**DATA EXTRACT**
= Beginning of Section =

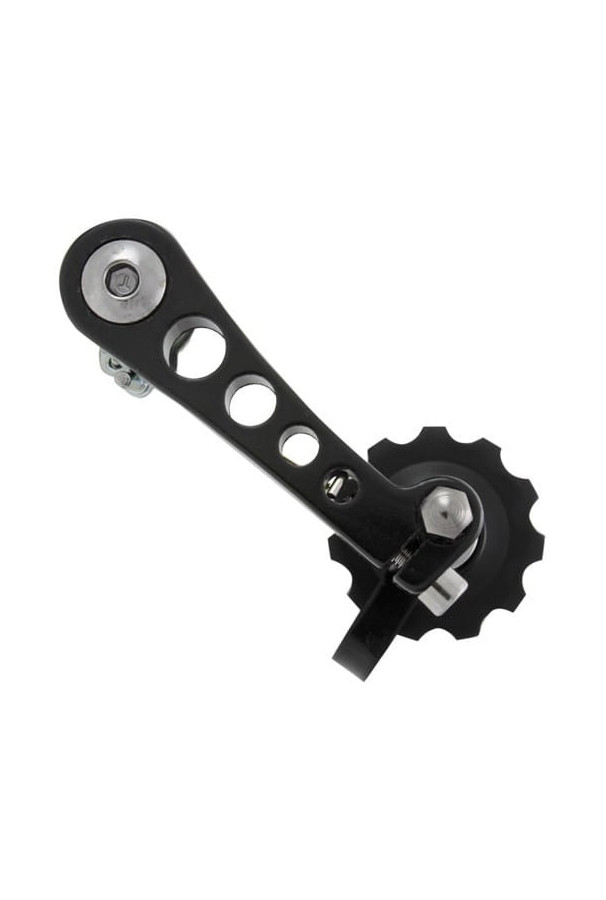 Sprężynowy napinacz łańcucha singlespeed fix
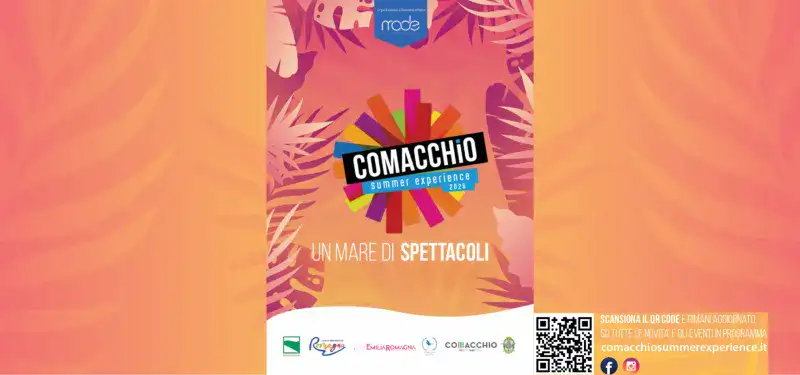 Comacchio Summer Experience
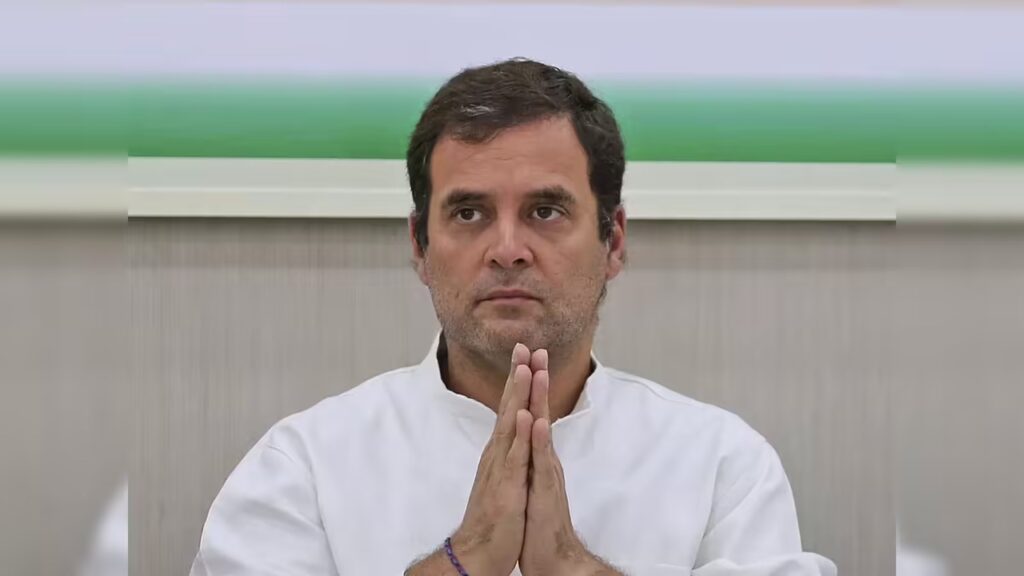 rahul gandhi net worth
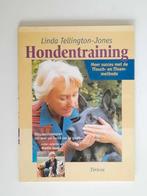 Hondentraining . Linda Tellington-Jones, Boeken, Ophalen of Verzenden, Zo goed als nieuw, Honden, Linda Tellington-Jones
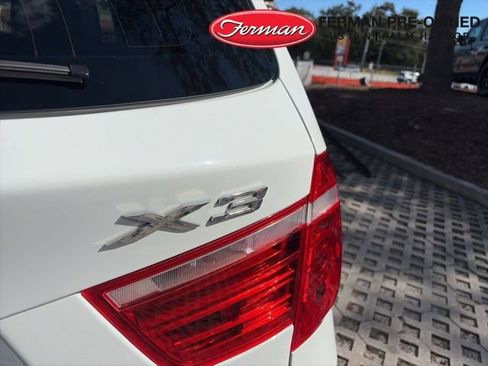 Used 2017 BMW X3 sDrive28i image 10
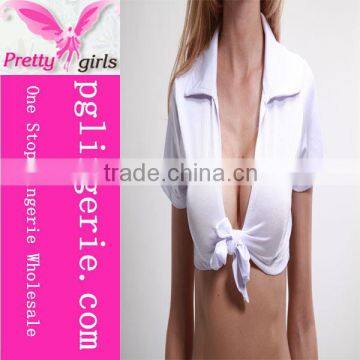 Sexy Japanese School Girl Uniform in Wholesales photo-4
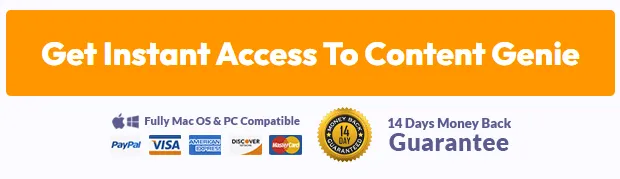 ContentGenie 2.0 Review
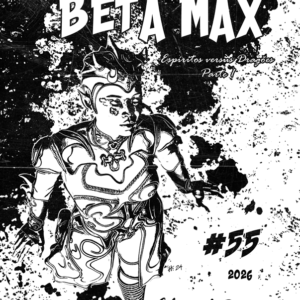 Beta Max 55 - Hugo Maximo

= End of Section =
= Beginning of Section =

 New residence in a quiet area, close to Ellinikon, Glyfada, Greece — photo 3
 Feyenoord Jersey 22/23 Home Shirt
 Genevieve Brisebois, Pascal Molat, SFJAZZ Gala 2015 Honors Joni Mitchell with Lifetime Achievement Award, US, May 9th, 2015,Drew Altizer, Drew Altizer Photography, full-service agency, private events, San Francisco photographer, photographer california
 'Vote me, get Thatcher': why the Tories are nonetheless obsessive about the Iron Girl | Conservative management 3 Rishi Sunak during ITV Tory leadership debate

= End of Section =

**DIRECTIONS**
How would the lines above read from the one with "Used 2017 BMW X3 sDrive28i image 10" to the one with "Beta Max 55 - Hugo Maximo", inclusive, with no pictures? Write them out exactly.

**WRITTEN ANSWER**
 Used 2017 BMW X3 sDrive28i image 10
 Sexy Japanese School Girl Uniform in Wholesales photo-4
 ContentGenie 2.0 Review
 Beta Max 55 - Hugo Maximo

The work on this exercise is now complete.